SLS Lecture 13 : Program Anatomy IV: The Tree of Bytes and Data Structures
Contents
13. SLS Lecture 13 : Program Anatomy IV: The Tree of Bytes and Data Structures#
create a directory
mkdir datastructs; cd datastructs
copy examples
add a
Makefile
to automate assembling and linkingwe are going run the commands by hand this time to highlight the details
add our
setup.gdb
andtree.gdb
to make working in gdb easiernormally you would want to track everything in git
13.1. Overview#
REMEMBER A DATA STRUCTURE ENDS UP AS …
Bytes in memory
At particular locations – Memory Address
taking up some number of contiguous bytes
Intrinsic types : groups of bytes that the processor has built in “interpretations” for
bit vectors of various lengths (1,2,4,8,16,…)
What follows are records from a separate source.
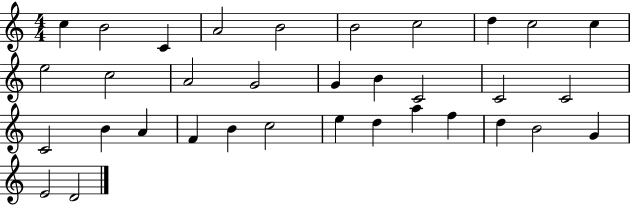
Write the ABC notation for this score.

X:1
T:Untitled
M:4/4
L:1/4
K:C
c B2 C A2 B2 B2 c2 d c2 c e2 c2 A2 G2 G B C2 C2 C2 C2 B A F B c2 e d a f d B2 G E2 D2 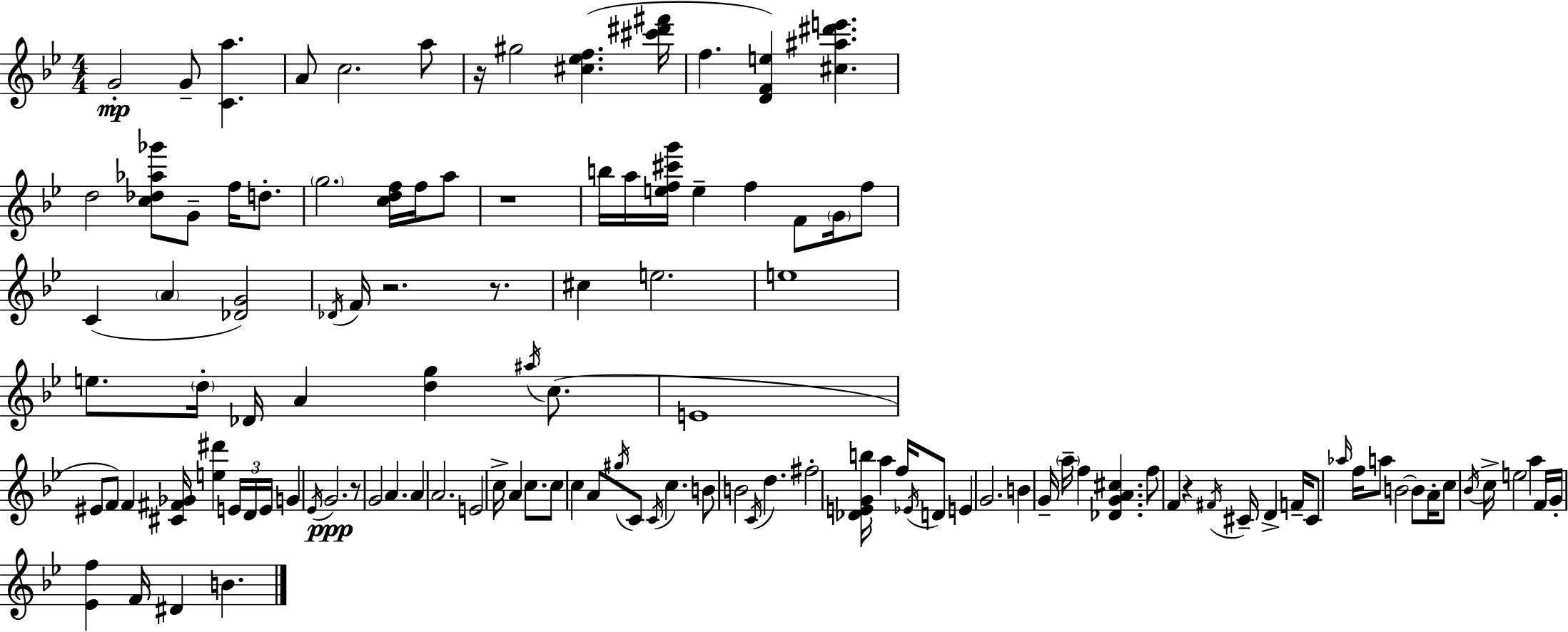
X:1
T:Untitled
M:4/4
L:1/4
K:Bb
G2 G/2 [Ca] A/2 c2 a/2 z/4 ^g2 [^c_ef] [^c'^d'^f']/4 f [DFe] [^c^a^d'e'] d2 [c_d_a_g']/2 G/2 f/4 d/2 g2 [cdf]/4 f/4 a/2 z4 b/4 a/4 [ef^c'g']/4 e f F/2 G/4 f/2 C A [_DG]2 _D/4 F/4 z2 z/2 ^c e2 e4 e/2 d/4 _D/4 A [dg] ^a/4 c/2 E4 ^E/2 F/2 F [^C^F_G]/4 [e^d'] E/4 D/4 E/4 G _E/4 G2 z/2 G2 A A A2 E2 c/4 A c/2 c/2 c A/2 ^g/4 C/2 C/4 c B/2 B2 C/4 d ^f2 [_DEGb]/4 a f/4 _E/4 D/2 E G2 B G/4 a/4 f [_DGA^c] f/2 F z ^F/4 ^C/4 D F/4 ^C/2 _a/4 f/4 a/2 B2 B/2 A/4 c/2 _B/4 c/4 e2 a F/4 G/4 [_Ef] F/4 ^D B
signed and unsigned integers (1,2,4,8,16,…)
floating point number (IEEE 754)
Complex data structures often are broken into pieces
each piece connected to others
connections formed via Addresses
pieces record the address of the pieces it connects to
13.2. Worth carefully examining the assembly for this example#
Understanding this code is a great test of your knowledge
CODE: asm - tree.S
.intel_syntax noprefix
# TREE NODE STRUCTURE IN MEMORY
# A NODE is composed of 3, 8 byte values
# First 8 bytes is an 8 byte signed value
# Second 8 bytes is a pointer to the left child (another node)
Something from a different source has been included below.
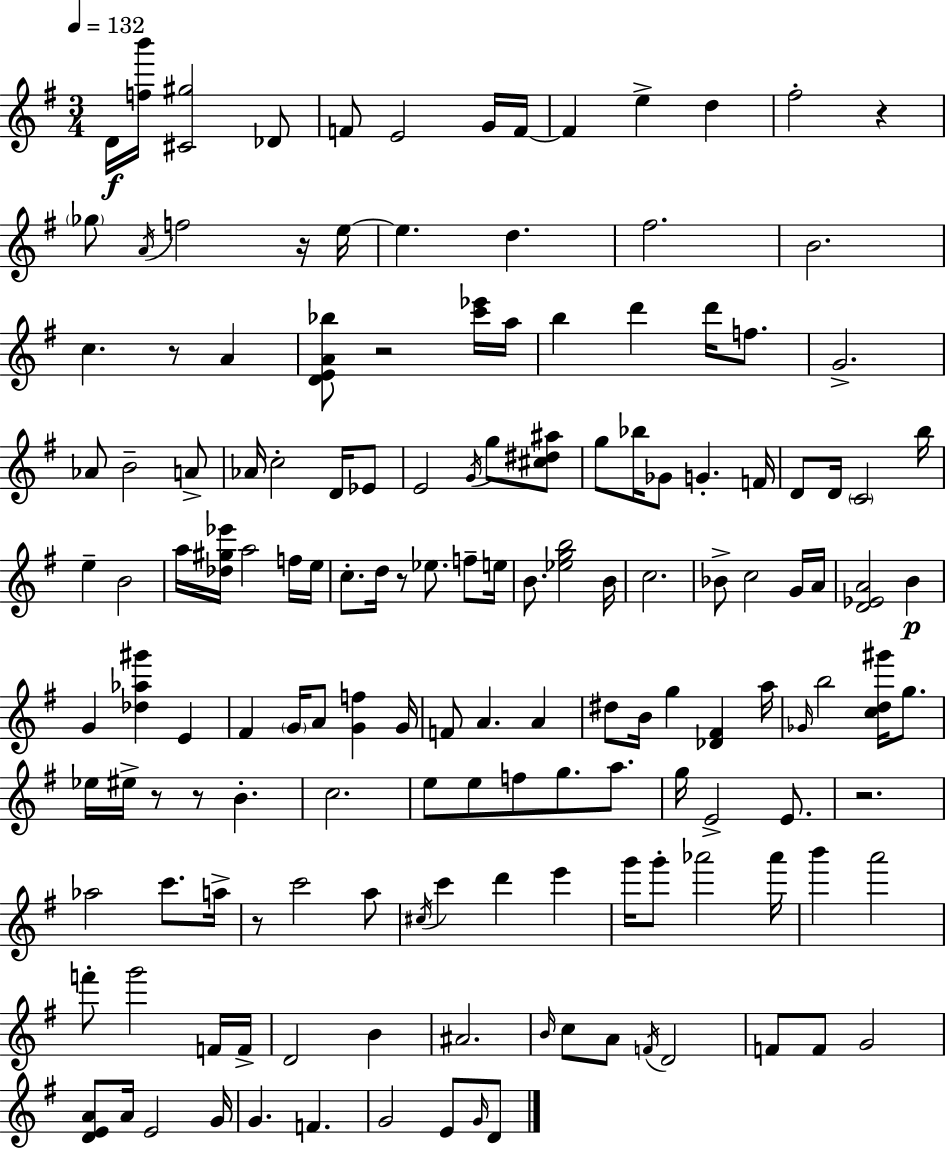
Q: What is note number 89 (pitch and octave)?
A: A5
# Third 8 bytes is a pointer to the right child (another node)
# a 0 value pointer means there are no nodes in that direction
# node.VAL
# node.LEFT
# node.RIGHT
.equ VAL, 0 # tree node value 8 bytes (offset 0)
.equ LEFT, 8 # pointer to left child 8 bytes (offset 8)
.equ RIGHT, 16 # pointer to right child 8 bytes (offset 16)
.section .text
.global _start
_start:
mov rax, QWORD PTR [ROOT] # pointer to root node is in a memory location ROOT
loop:
mov rbx, QWORD PTR [rax + LEFT] # rbx = left child location
mov rdx, QWORD PTR [rax + RIGHT] # rdx = right child location
cmp QWORD PTR [rax + VAL], 0 # compare node's value to zero
cmovl rax, rbx # if val < 0 then rax = rbx -- left child
cmovge rax, rdx # if val >= 0 then rax = rdx -- right child
cmp rax, 0 # if location of next node is 0 we are done
jne loop # otherwise keep walking the tree
int3
.section .data
ROOT:
.quad N0 # ROOT global variable stores address of
# N0 node &N0 (eg points to N0)
# A BUNCH OF NODES CONNECTED TO FORM A TREE LIKE STRUCTURE
N0:
.quad 8 # N0.VAL = 8
.quad N1 # N0.LEFT = &N1
.quad N2 # N0.RIGHT = &N2
N1:
.quad 0 # N1.VAL = 0
.quad N3 # N1.LEFT = &N3
.quad N4 # N1.RIGHT = &N4
N2:
.quad -5 # N2.VAL = -5
.quad N5 # N2.LEFT = &N5
.quad N6 # N2.RIGHT = &N6
N3:
.quad 6 # N3.VAL = 6
.quad 0 # N3.LEFT = 0
.quad 0 # N3.RIGHT = 0
N4:
.quad 90 # N4.VAL = 90
.quad N7 # N4.LEFT = &N7
.quad 0 # N4.RIGHT = 0
N5:
.quad -3 # N5.VAL = -3
.quad N7 # N5.LEFT = &N7
.quad 0 # N5.RIGHT = 0
N6:
.quad 567 # N6.VAL = 567
.quad 0 # N6.LEFT = 0
.quad 0 # N6.RIGHT = 0
N7:
.quad -8 # N7.VAL = -8
.quad 0 # N7.LEFT = 0
.quad 0 # N7.RIGHT = 0
13.2.1. To assemble and link#
13.2.2. Exploring the tree with gdb#
set pagination off
set disassembly-flavor intel
x/1gx &ROOT
x/16xb 0x402008
x/8xh 0x402008
x/4xw 0x402008
x/2xg 0x402008
x/9i _start
b _start
run
display /x $rax
display /1dg $rax + 0
display /2gx $rax + 8
b loop
c
c
c
c
c
13.3. A more complex example#
This example should help to get your creative juices flowing and get a deeper appreciation for how we use the computer to write the kind of code you are used to.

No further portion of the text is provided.